Sunday, April 07, 2013

A bit of a ramble on Nirvana

It was the 19th anniversary of Kurt Cobain's suicide this past week. Jodie asked me whether Nirvana or Pearl Jam has been more important to me.
It isn't really a linearly equal question. She did know this.
Obviously Pearl Jam has had an opportunity that Nirvana never had - that of longevity. But beyond that, my discovery of the two bands was, naturally, unequal.
In April of 1992 at a party my friend Ian mentioned that he has been listening to a band called Pearl Jam. I saw the Evenflow video soon thereafter and bought the album. I enjoyed it, but it did not immediately change my life. In two months time I would be on tour myself with the Juanabees and Ten would get left behind - only to be championed later that summer by fans (of both Pearl Jam and the Juanabees) in my home town. It was then that PJ would take permanent hold in my aural aesthetic.
Meanwhile on a transcendental plane...
Nirvana on the other hand came to my attention quite spectacularly a month or more after Pearl Jam, and it was a moment I have previously chronicled where "everything changed."
The Juanabees paid comical tribute to Smells Like Teen Spirit on that tour and Nevermind was in high rotation in the tour van.
But as huge a comparative impact Nirvana had on me that summer, by mid-autumn Pearl Jam had out paced them in my heart and, without diminishing my enduring appreciation for Nirvana, we've never looked back.
The question arises, of course; what would have become of Nirvana had its trajectory not been abbreviated?
Well, who knows?
Obviously, at the time we were unaware that there was a visionary lurking in the ranks of Nirvana whose talent may have out shone Cobain. We don't have a lot to go on, but the growth from Bleach to In Utero was comparatively nominal. The best of tracks on the bookends would not have raised the high water mark of Nevermind by much. Which does speak to consistency, but not necessarily favourably.

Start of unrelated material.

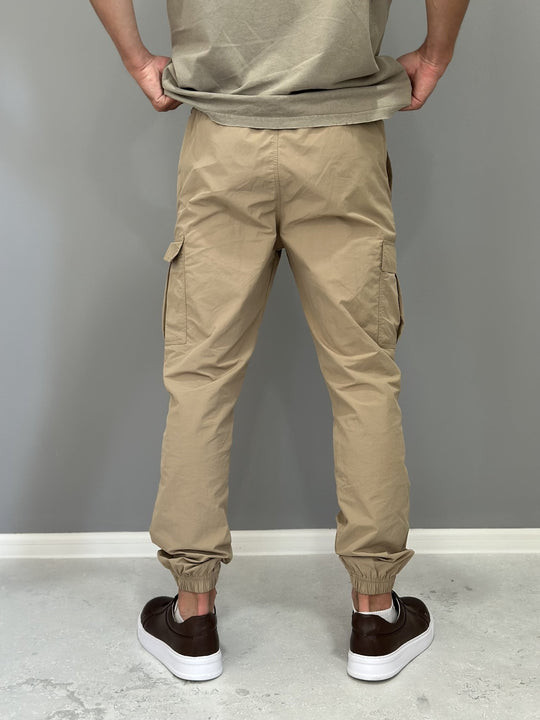 Šuškave Cargo Džeparice - Fortis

Meanwhile, while Ten was a spectacular album, Vs managed to be even better and Vitalogy it's equal while for the first time truly showcasing the band's need to serve their own artistic needs, not merely the expectations of their audience. Beyond that point it becomes hard to compare. Would the raw soul-baring post-punk aesthetic of Cobain mature, or would it prove to be his one gift? Could Dave Grohl have blossomed in that circumstance and brought new depth to Nirvana, or was it necessary for him to find his own place, as in reality he did fronting the Foo Fighters? Could Krist Novoselic, surrounded by that much talent have become more than a lucky dabbler? Or was he always destined for political life, perhaps some one else might have filled his shoes. Hey, Pearl Jam got Matt Cameron behind the kit after a run of drummers that rivalled Spinal Tap. Almost any band could benefit from his presence. Imagine a universe where Les Claypool joined Nirvana. Geez... There is a combination of these factors where Kurt Cobain is the least talented member of the alternate reality Nirvana.
Okay, now lets get silly and add Trent Reznor and Mike Doughty to the line up... Fuck... Now THAT is a supergroup I'd pay to see.